En absoluto. Había mostrado una naturalidad y una discreción que impresionaron a doña Lucrecia. Salvo a la mañana siguiente, cuando llegaron los ramos de flores (el de la patrona decía: «Desde sus vendajes, Fito Cebolla agradece de todo corazón la merecida enseñanza que ha recibido de su querida y admirada amiga Lucrecia» y el de la empleada: «Fito Cebolla saluda y pide rendidas excusas a la Flor de la Canela») que se mostraron la una a la otra, el tema no se había vuelto a tocar. La relación no cambió, ni las maneras, ni el tratamiento, para quienes las observaban desde fuera. Es verdad que, de cuando en cuando, doña Lucrecia tenía pequeñas delicadezas con Justiniana, regalándole unos zapatos nuevos, un vestido o llevándola de compañía en sus salidas, pero eso, aunque daba celos al mayordomo y a la cocinera, no sorprendía a nadie, pues todos en la casa, desde el chofer hasta Fonchito y don Rigoberto, hacía tiempo habían notado que con sus vivezas y zalamerías Justiniana se tenía comprada a la señora.
Ojos para ver, nariz para oler, dedos para tocar y orejas como cuernos de la abundancia para ser frotadas con las yemas, igual que la jorobita de la jorobada o la panzita del Buda —que traen suerte— y, después, lamidas y besadas.
Me gustas tú, Rigoberto, y tú y tú, pero, por encima de todas tus otras cosas, me gustan tus orejas voladoras. Quisiera ponerme de rodillas y aguaitar esos agujeritos que tú limpias cada mañana (la que sabe, sabe) con un palito algodonado y les arrancas los vellitos con una pinza —pelito ay por pelito ay junto al espejo ay— los días que les toca la purificación. ¿Qué vería yo por esos hondos huequecitos? Un precipicio. Y, así, descubriría tus secretos. ¿Cuál, por ejemplo? Que, sin saberlo, ya me amas, Rigoberto. ¿Alguna otra cosa vería? Dos elefantitos con sus trompitas levantadas. Dumbo, Dumbito, cuánto te amo.

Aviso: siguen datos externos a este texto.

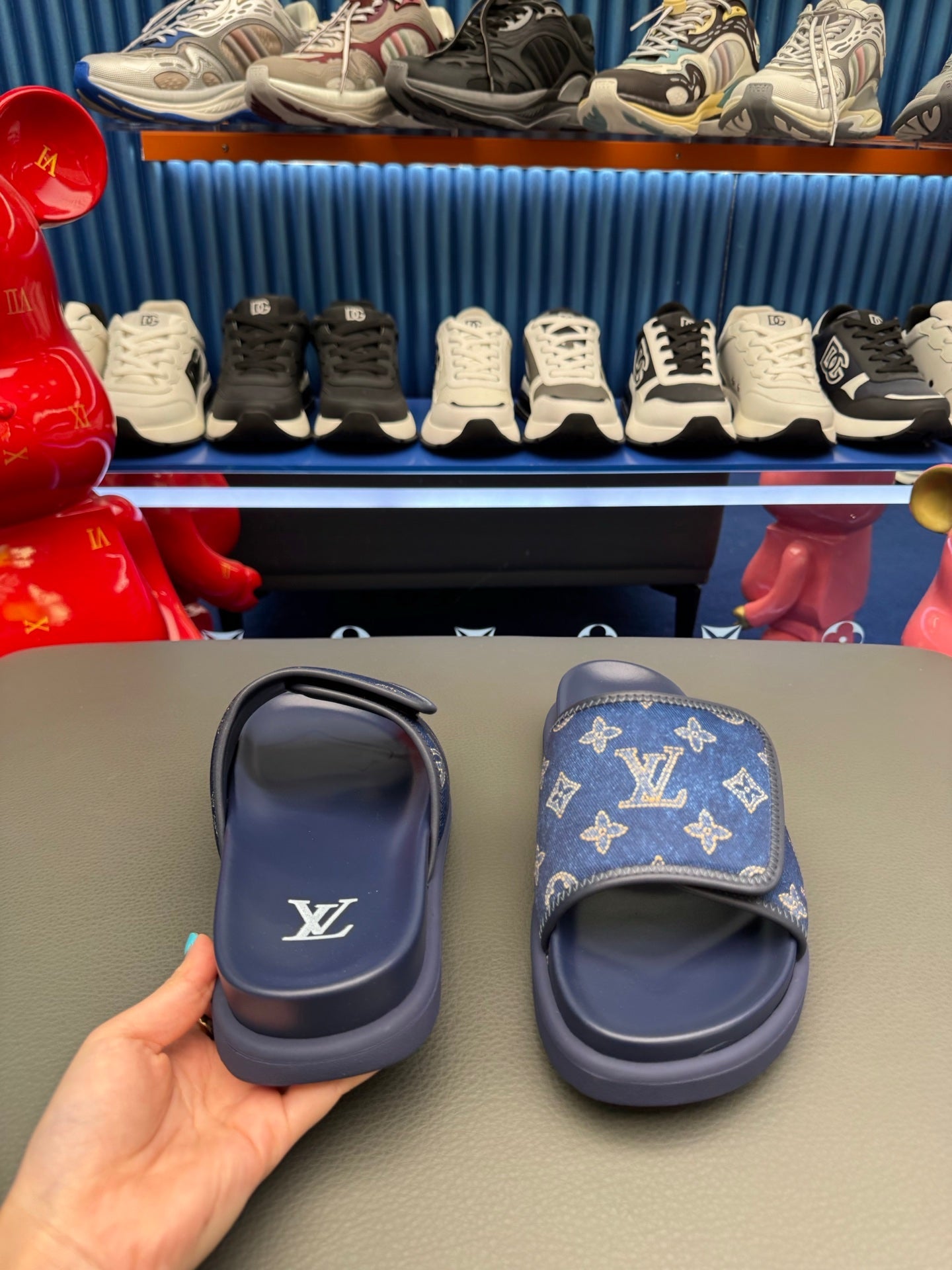 Chinelos Louis Vuitton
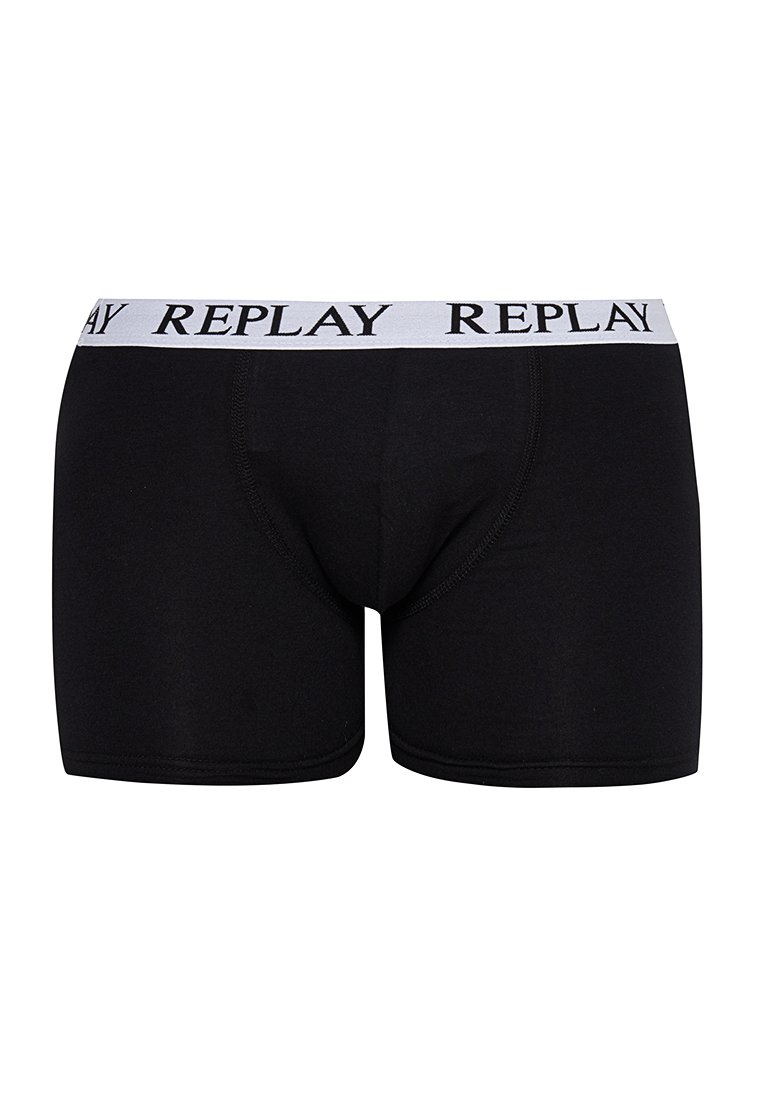 Schwarze Boxershorts aus glattem Material, mit einem breiten weißen Bund, auf dem der Schriftzug "REPLAY" in schwarzer Schrift gedruckt ist.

Entre gustos y colores no han escrito los autores. Tú, para mí, aunque hay quien dice que por tu nariz y tus orejas ganarías el concurso El Hombre Elefante del Perú, eres el ser más atractivo, el más buen mozo que se ha visto. A ver, Rigoberto, adivina, si me dieran a escoger entre Robert Redford y tú ¿quién sería el elegido de mi corazón? Sí, orejita mía, sí, narigoncito, sí, Pinochito: tú, tú.
¿Qué más vería, si me asomara a espiar por tus abismos auditivos? Un campo de tréboles, todos de cuatro hojas. Y ramos de rosas cuyos pétalos tienen retratada, en su peluza blanca, una carita amorosa. ¿Cuál? La mía.
¿Quién soy, Rigoberto? ¿Quién es la andinista que te ama y te idolatra y algún día no lejano escalará tus orejas como otros escalan el Himalaya o el Huascarán?